Lincolnshire Stuffed Chine
What are my special features?
Lincolnshire Stuffed Chine is the cured neck chine cut of pork, slashed deeply and packed with parsley, simmered or steamed and served sliced once cold and set. Parsley is now the only, or dominant, stuffing ingredient; in the past a wide variety of herbs were used such as lettuce leaves, young nettles, thyme, marjoram, sage and blackcurrant leaves.
When sliced properly by hand – flat, taking layers – the alternate stripes of pink pork and bright green parsley make for a beautiful and inviting contrast.
Making stuffed chine is a labour of love, taking around 5 weeks from pig to shop-ready chine.
Rare breed pork breeds are best for making Lincolnshire Stuffed Chine due primarily to the excellent depth of fat they possess. Rare breed pigs such as Gloucester Old Spot and particularly British Lop are favoured for making stuffed chine due to the good shape of the pigs and excellent depth of fat they possess.
What is my history?
Chine is an old English word for backbone, derived from Norman French. In general culinary use to indicate the backbone, with some attached flesh, of any animal until the 18th century, it continued to be used in connection with bacon pigs – from which the sides are normally removed without splitting the backbone.
It is not clear when the Lincolnshire version of stuffed chine developed, but it is a county is which pig rearing has always been important, and oral tradition indicates that the dish has a long history.
Stuffed chine was traditionally made from the now extinct Lincolnshire Curly Coat pig, a breed that would grow very fat. Once hung to set up, the very thick layer of fat would firm up. This, combined with the difficulty of sawing directly through the backbone, supposedly led to the sawing through the ribs either side, removing both flitches and leaving the chine running centrally from the nose to the tail.
The story goes that the chine, with rind only protecting the back and leaving a large area of exposed meat, went mouldy while hanging. Having scrubbed off the mould, strong-tasting herbs were picked from the garden and packed into deep slits cut into the meat before it was boiled in a copper pot. The slaughter and butchery of a pig was a community event; neighbours helped each other and gifted cuts of meat in thanks. The successful use of the chine was shared amongst the community in the same way. Stuffed chine was traditionally reserved for special occasions such as May Hiring Fairs, christenings and feast days.

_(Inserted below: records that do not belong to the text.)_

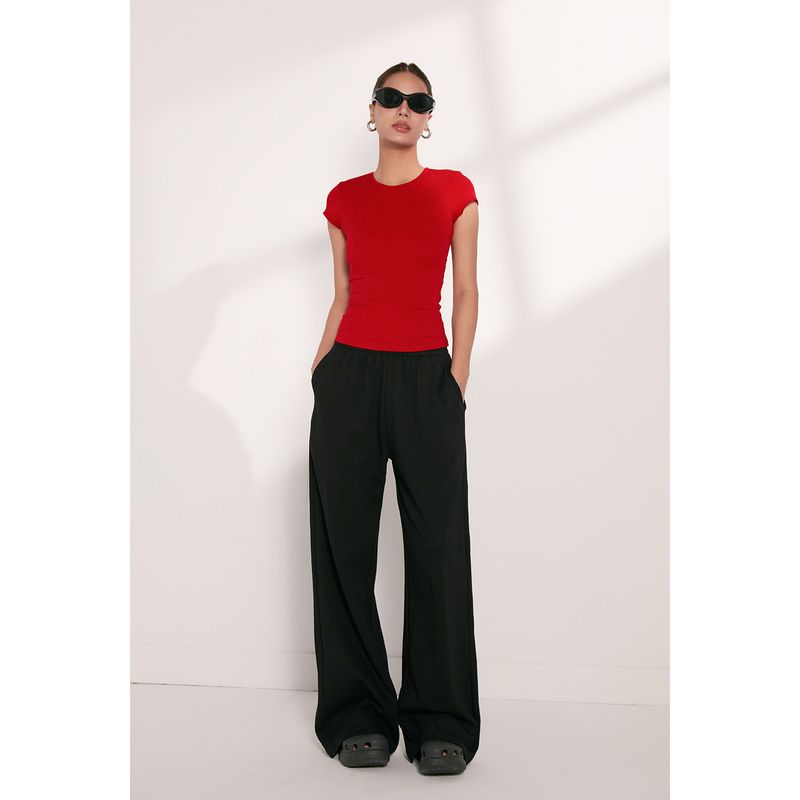 Discoglam 3-Color Basic American Millennium Low Waist Sweatpants Lightweight Wide Leg Pants Casual Pants Sweat pants Summer
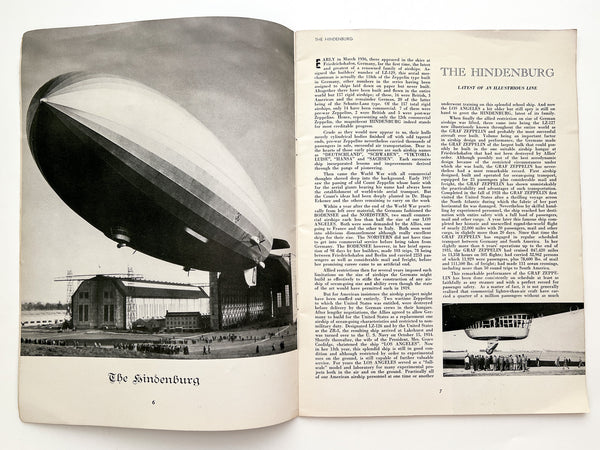 Airships Transatlantic Transportation Souvenir Book, Summer 1936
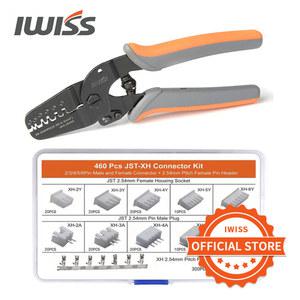 IWISS IWS 2820 460PCS JST XH 커넥터 키트 미니 핸드 압착 펜치 세트 JAM, Molex, Tyco, JST 터미널용 압착 도구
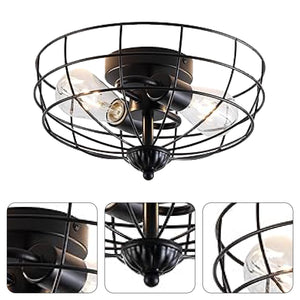 2 Pack farmhouse ceiling lighting black fixture ceiling light iron  flush mount light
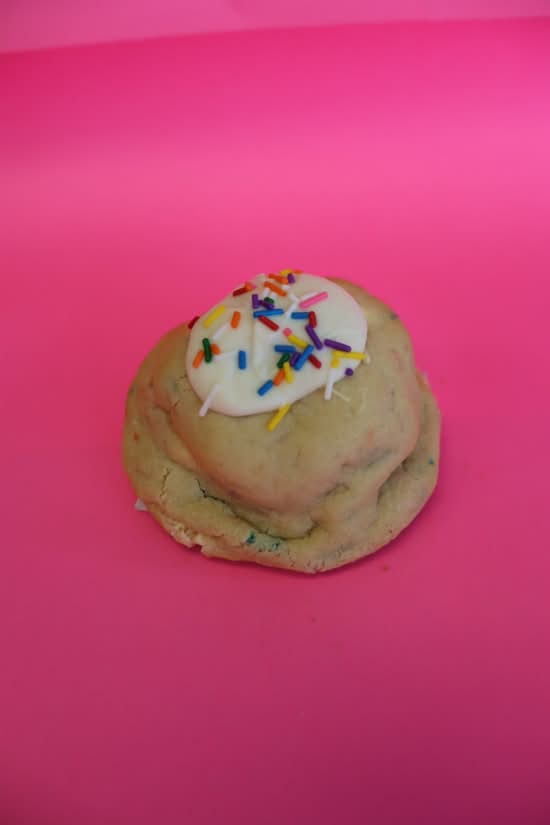 Birthday Cake Stuffed Cookie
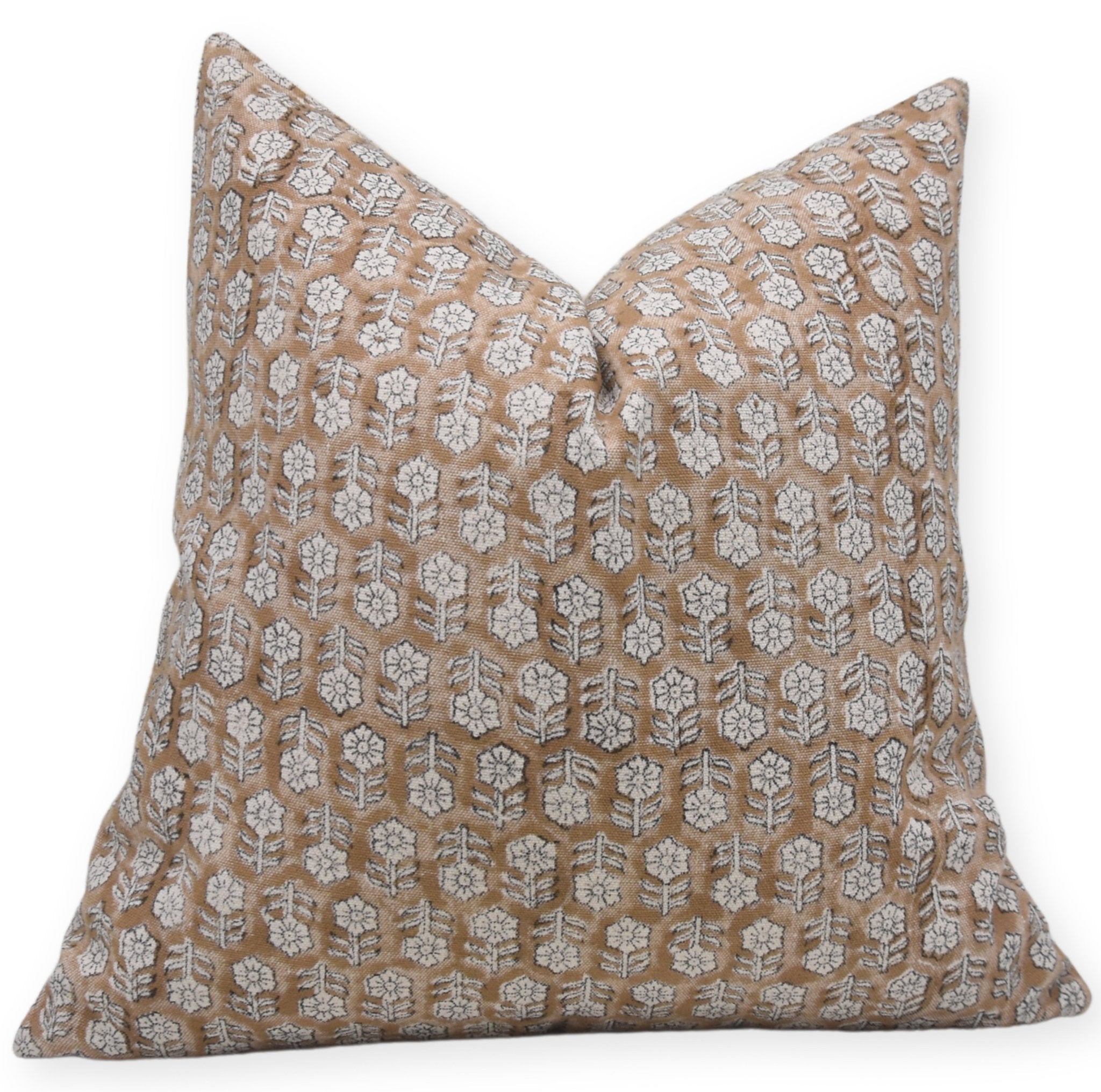 Square Duck Canvas Cotton Pillow Cover - Tulsi Buti - Fabdivine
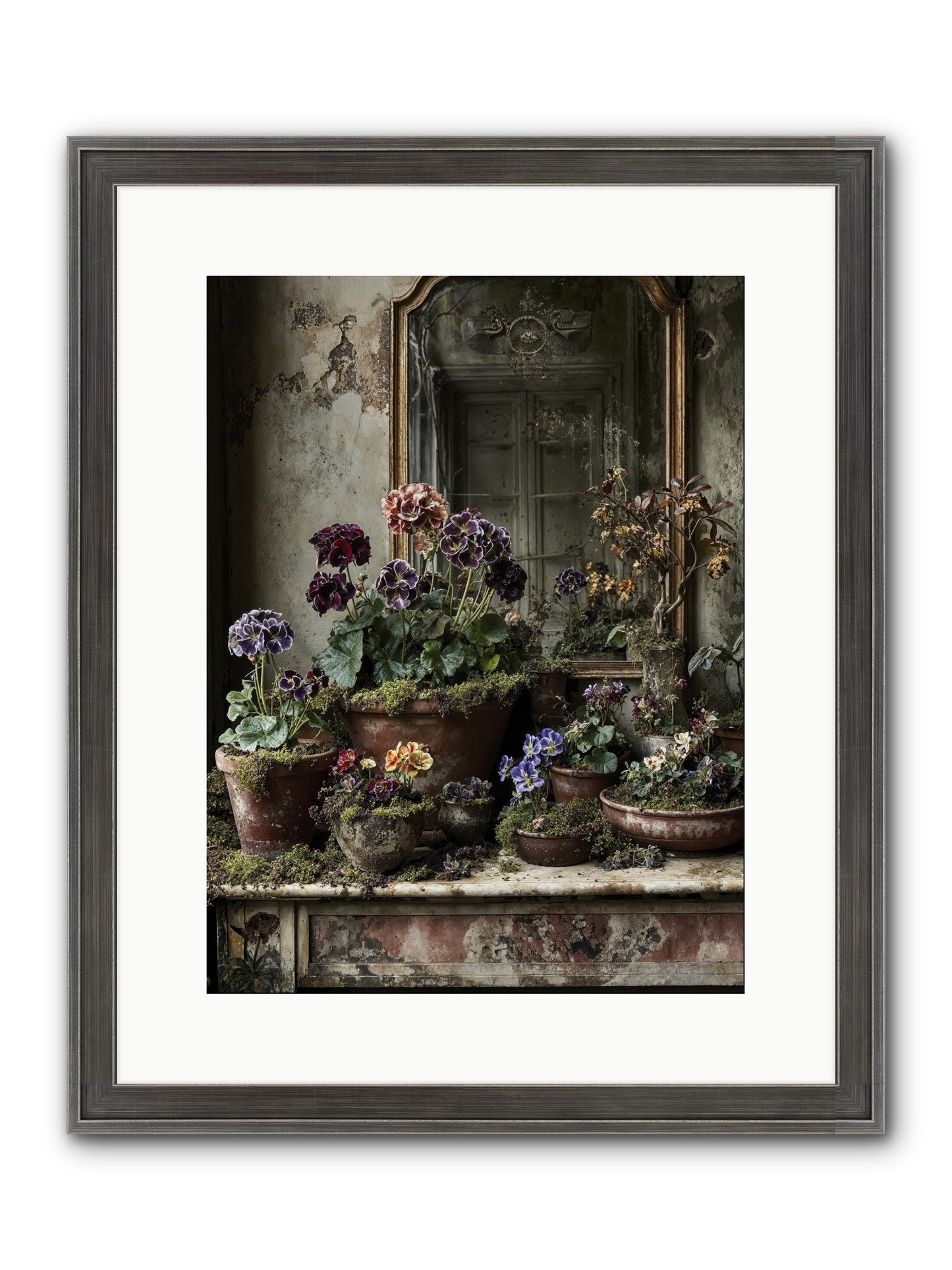 Wished Framed Print - Slimwoods Black/Silver 12x16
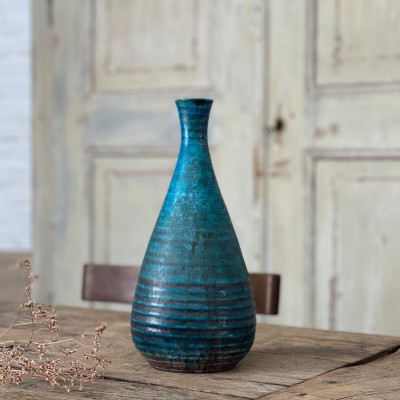 French ceramic vase Accolay 1950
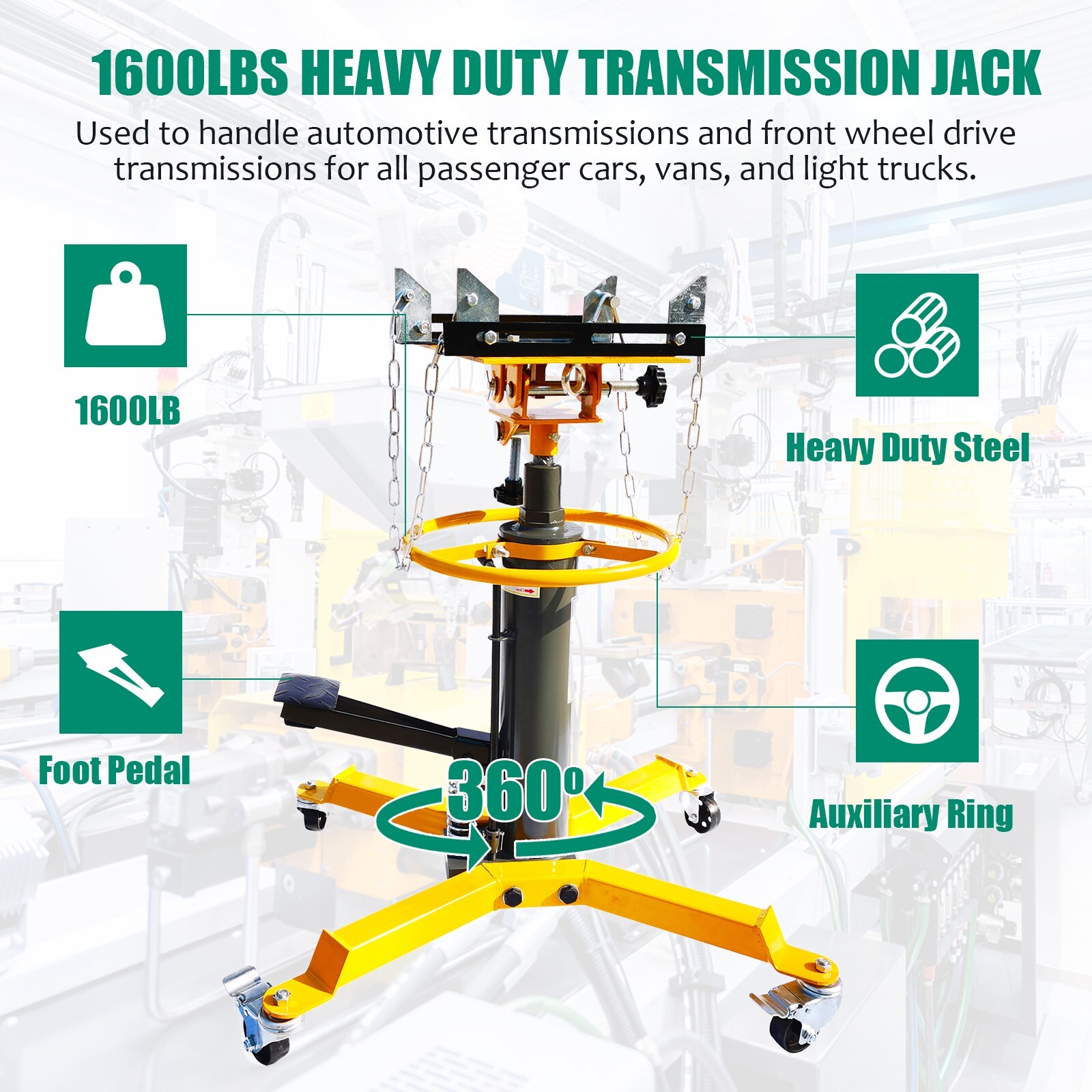 OE Style Hydraulic Transmission Jack 1600lbs - Fits Automotive Tools & Supplies - Image 5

When the French poet Paul-Marie Verlaine spent a year as a schoolmaster near Boston, Lincolnshire, in the mid-1870s he fell in love with chine, so much that he tried, unsuccessfully, to find it elsewhere in Britain.
Why am I forgotten?
Lincolnshire Stuffed Chine is still in demand, in and out of the county; however, it is now maintained by only a small number of passionate producers. In much the same way as the Lincolnshire Curly Coat pig from which stuffed chine was made, if the remaining few skilled individuals who maintain the tradition stop production then the Lincolnshire Stuffed Chine will be lost.
Imitation stuffed chines are produced using bacon collar and sliced the wrong direction to allow for the use of a slicing machine. These versions are not strictly traditional, but many of the processes are the same or similar, and they can play a role in preserving this regional delicacy. For authenticity, however, true stuffed chine using the correct cut and sliced by hand should be sought out.
In 1996 Lincolnshire Stuffed Chine was almost lost; potential changes in EU legislation were discussed that would require slaughtered pigs to be split down the backbone, thus eliminating the chine cut. Fortunately a campaign was launched in protest and was successful in blocking the legislation.